Published: 04 Sep 2014 | Last Updated: 30 Sep 2014 11:33:15

Barn owls are hunters of small rodents with several hunting strategies. The team used force plate measurements to investigate one particular hunting technique, deriving the kinetics* of two hunting phases: “leap” and “strike.” Understanding the kinetics of these movements provides insight into particular owl behaviours and morphologies, namely, strike force and leg length.

Barn owls are exceptionally good at hearing, and are able to locate prey using only sound. Exploiting this ability, the team used  a trained 10 year old barn owl (named Kensa) to target a beeping box which was hidden in long grass mounted on force plates.  Following a leap from the ground and brief flight, the barn owl executed a plummeting “strike” onto the beeping box target. The force plates allowed the team to measure forces associated with the “leap” and “strike” during this hunting sequence.

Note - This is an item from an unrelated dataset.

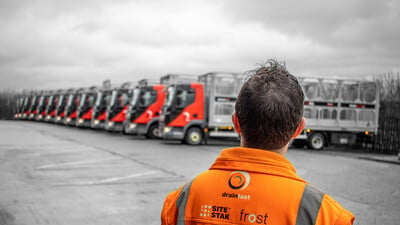A Drainfast worker looks over the fleet of delivery vehicles.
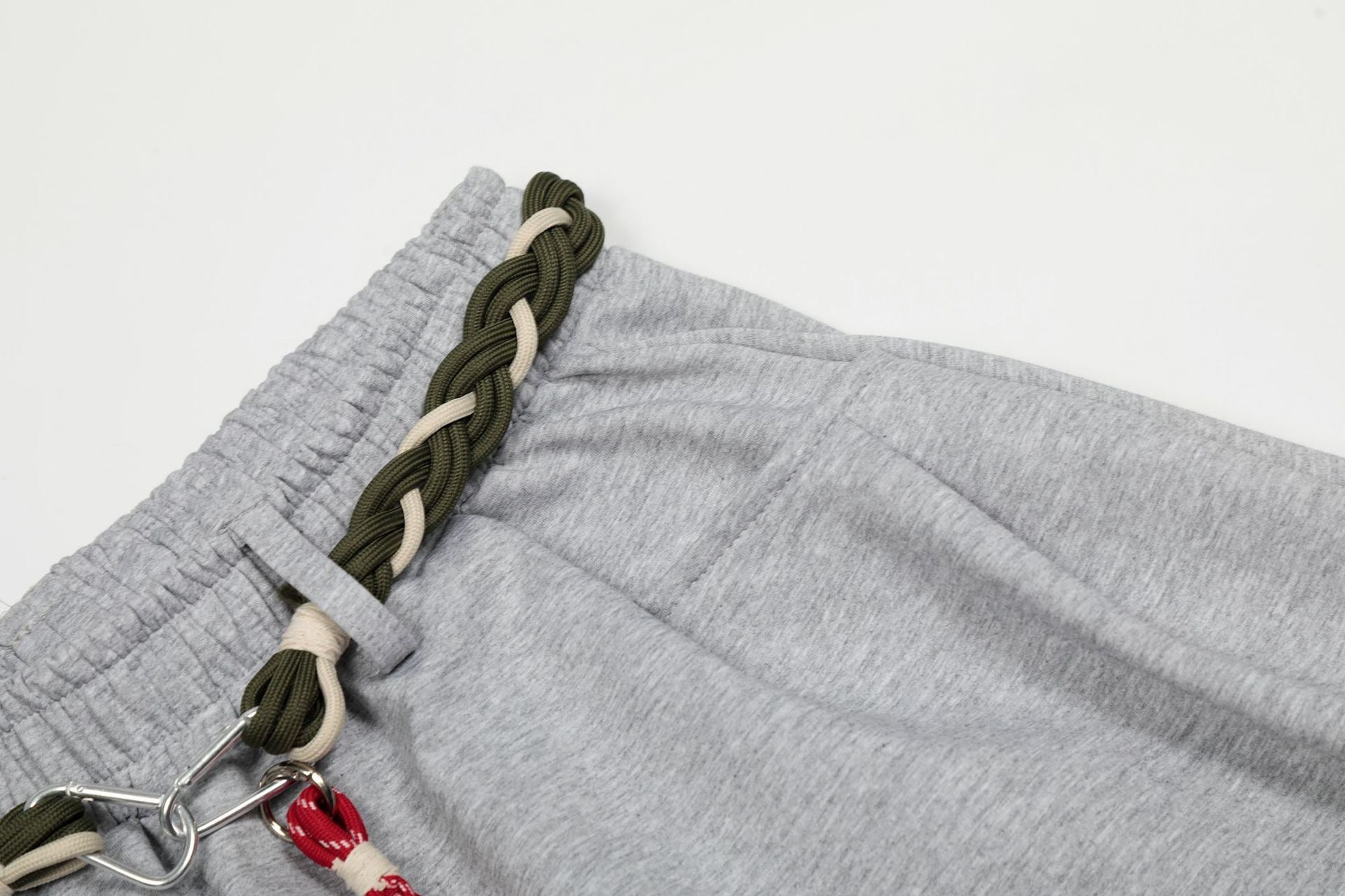 Baggy Sweatpants with unique braided rope belt with a red tassel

Results suggest that the impressive leaping performance of barn owls is aided by having relatively long legs. Energetic leaps lessen the requirement for flapping during flight and, as such, may increase stealth by reducing noise and air disturbance – perhaps important for the successful capture of prey. Despite the comparatively forceful nature of strikes, other features are often necessary to adequately stun and kill prey, for example, a hooked beak and sharp talons.  High strike force may instead enable swift infiltration of ground coverings, such as leaf litter or snow, enabling effective capture of hidden prey.

The paper was published in The Journal of Experimental Biology

*the mechanics of the motion of bodies under the action of forces.